Em relação a tais instrumentos, embora alguns já fossem utilizados por médicos desde o século XVIII, começaram, de forma geral, a ser usados pelas parteiras como resultado de sua formação acadêmica. Práticas como a de deixar a mulher acocorada ou mesmo em pé para facilitar a saída, de utilizar compressas quentes e ervas ou de rezar ao esperar a criança nascer foram, aos poucos, sendo consideradas insuficientes em casos que levavam ambas, mãe e criança, à morte. Casos como bebê em posição incorreta, feto enlaçado pelo intestino, deslocamento de útero, períneo sem abertura, dentre outros problemas das parturientes, exigiam, cada vez mais, uma formação específica, assim como o uso de instrumentos que auxiliassem na condução do partejar.
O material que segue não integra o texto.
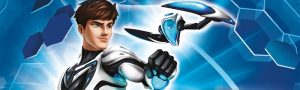 max steel
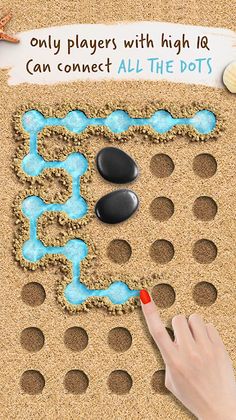 Dots Lines Match - Screenshot 4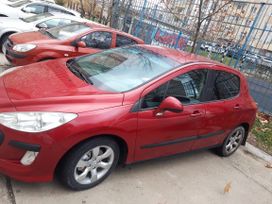  Peugeot 308 2008 , 369000 , 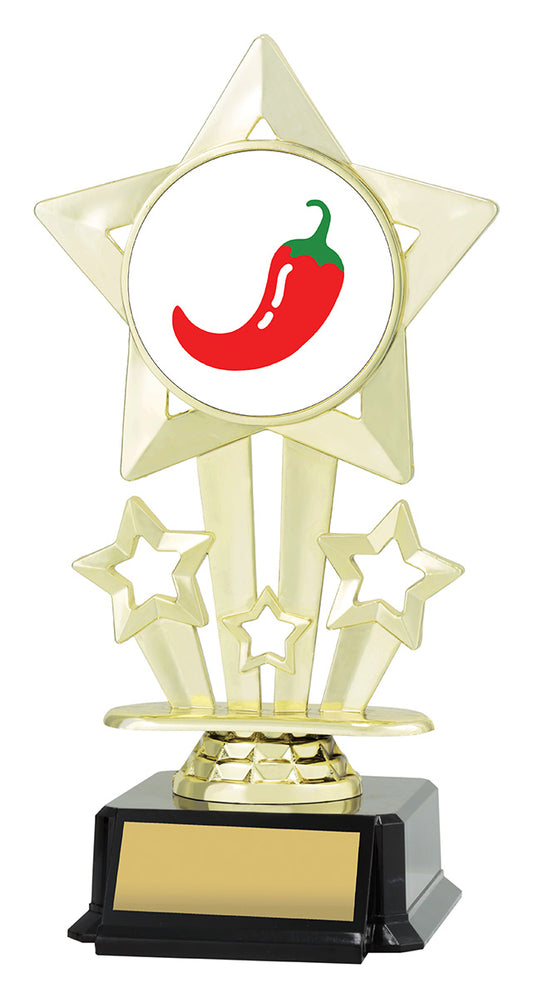 Icon Star - Chilli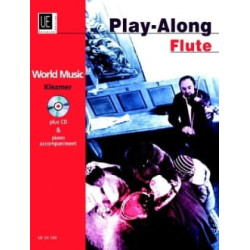 My first Play-Alongs Volume 1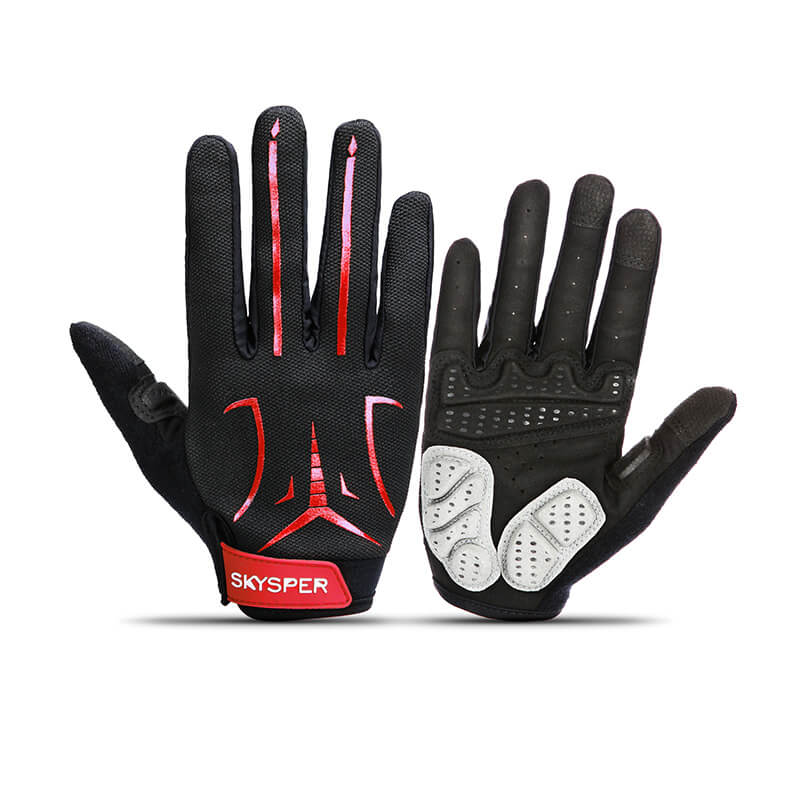 thermal mtb gloves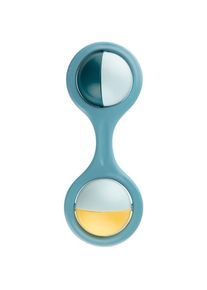 Canpol babies Small Toys sonaglio 0m+ Blue 1 pz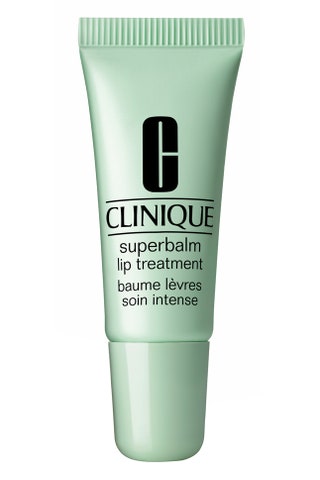 Clinique бальзам для губ Superbalm Lip Treatment 750 руб.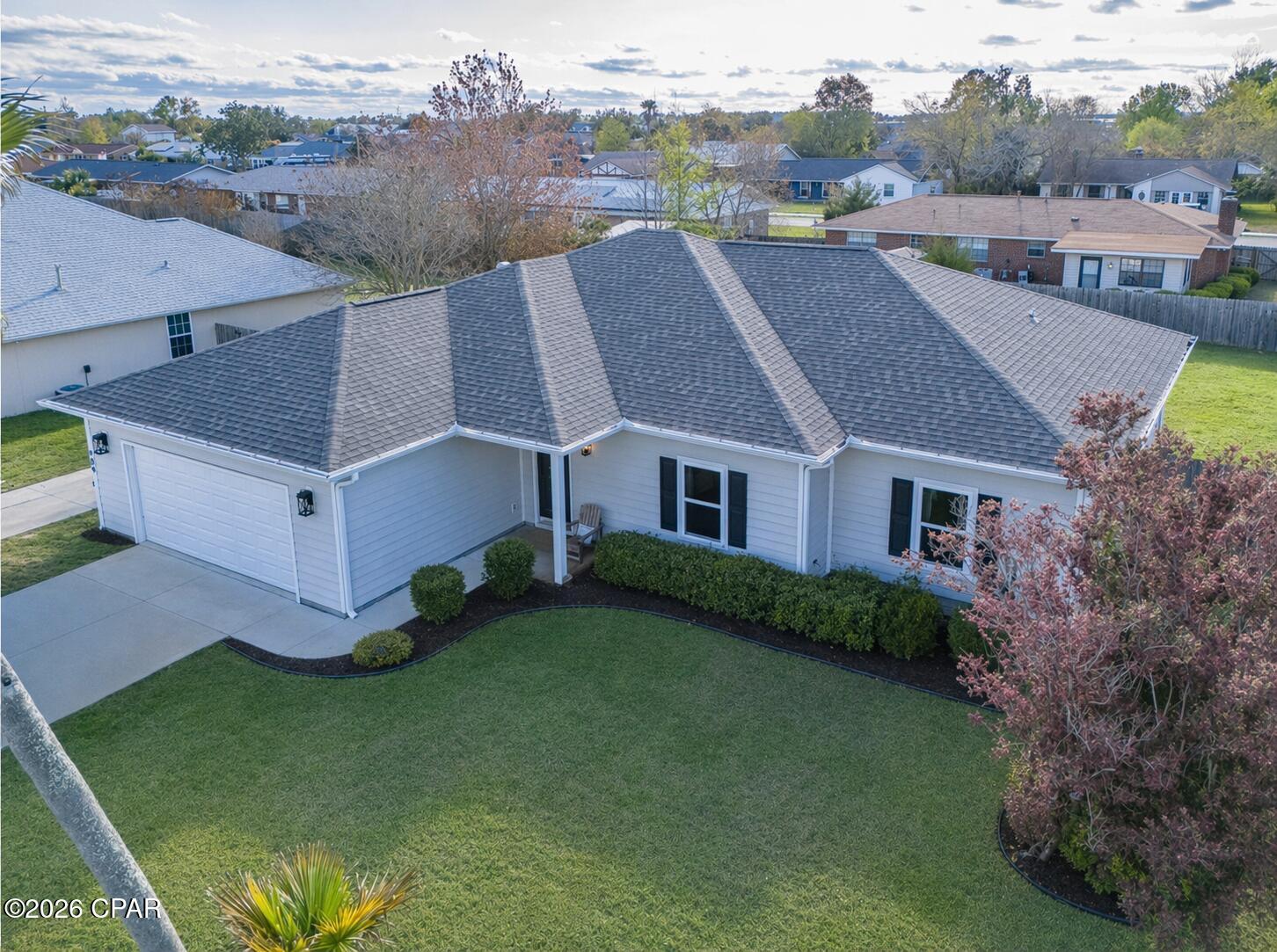 Northshore Add Phase IV - Residential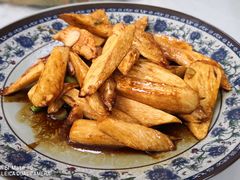-芸海阁·农家私房菜(沙家浜景区出口店)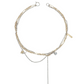 Rachel Necklace 42 cm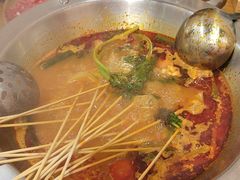 -黔哆哆地摊酸汤火锅(清湖店)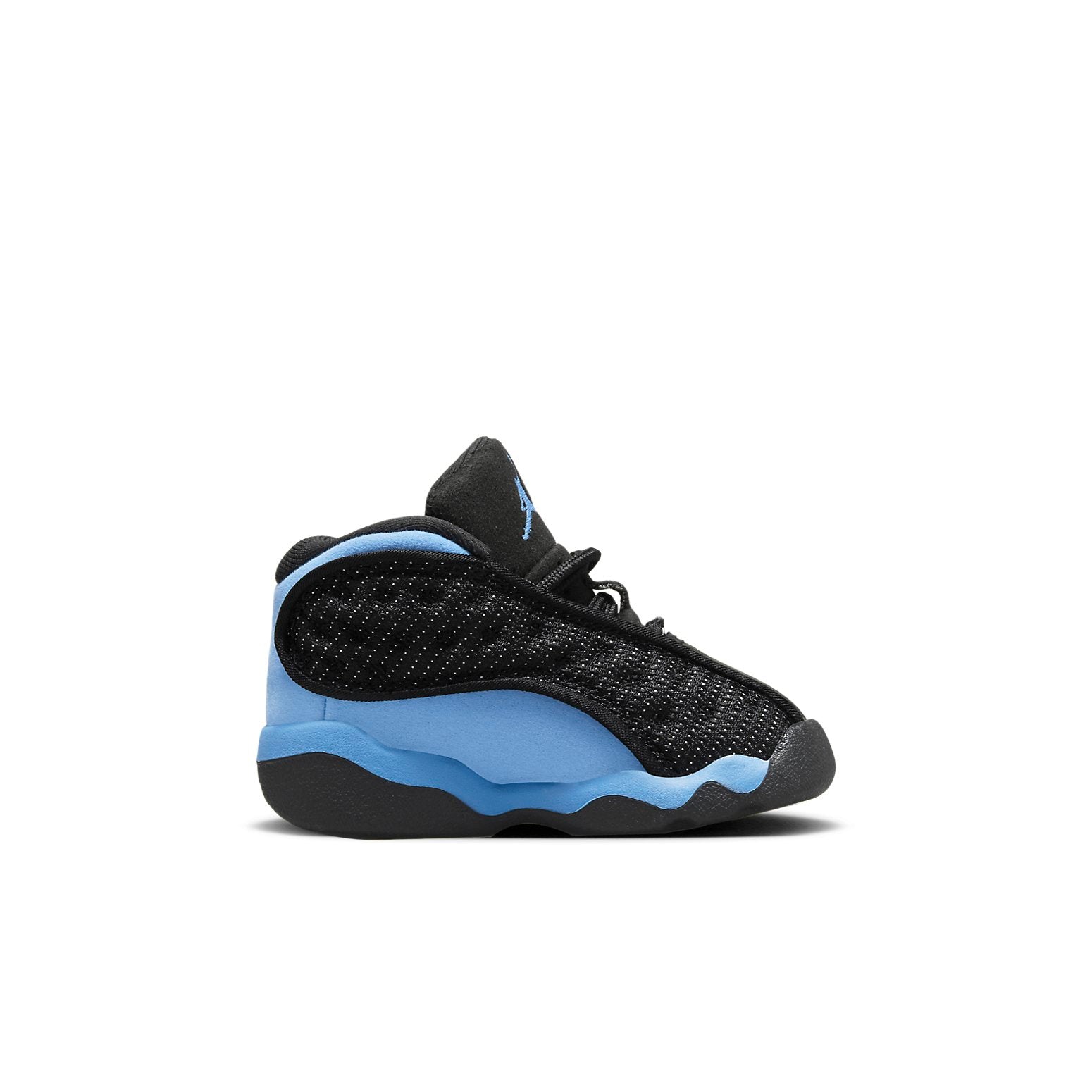 (TD) Air Jordan 13 Retro 'Black University Blue' 414581-041 #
Como parte do processo de modernização das práticas medicas no século XIX, foram criados o microscópio acromático, o estetoscópio, o bisturi, o tensiômetro e o termômetro de mercúrio. Esses instrumentos foram e são essenciais à medicina, seja ela diagnóstica, intervencionista ou mesmo preventiva, esta última concebida de forma mais incisiva no século XX. Entretanto, o fórceps foi o instrumento médico mais importante utilizado nos partos, pois quem detinha a técnica de sua manipulação também detinha o poder médico. A partir dele, as divergências entre os defensores da natureza e os intervencionistas ficaram mais evidentes com ganho de causa para os intervencionistas. Isso porque, embora seu uso tenha causado muitas dilacerações e mortes, tal instrumento garantia maior êxito nos partos considerados difíceis. Inventado no século XIX, na Inglaterra, adaptado na França e aperfeiçoado na Alemanha, o fórceps atravessou os séculos e só perdeu força com a institucionalização da cesariana que, por sua vez, também exigia um arsenal de instrumentos médicos para além de anestesia.

Referências bibliográficas

BRENES, A. C. História da parturição no Brasil, século XIX. Cad. Saúde Pública , v. 7, n. 2, p. 135-149, abr./jun. 1991.

MARTINS, A. P. V. A ciência obstétrica. In: MARTINS, A. P. V. Visões do feminino: a medicina da mulher nos séculos XIX e XX. Rio de Janeiro: Editora Fiocruz, 2004. p. 63-106. Ebook.

ROHDEN, F. Uma ciência da diferença: sexo e gênero na medicina da mulher. 2. ed. Rio de Janeiro: Editora FIOCRUZ, 2001. Ebook.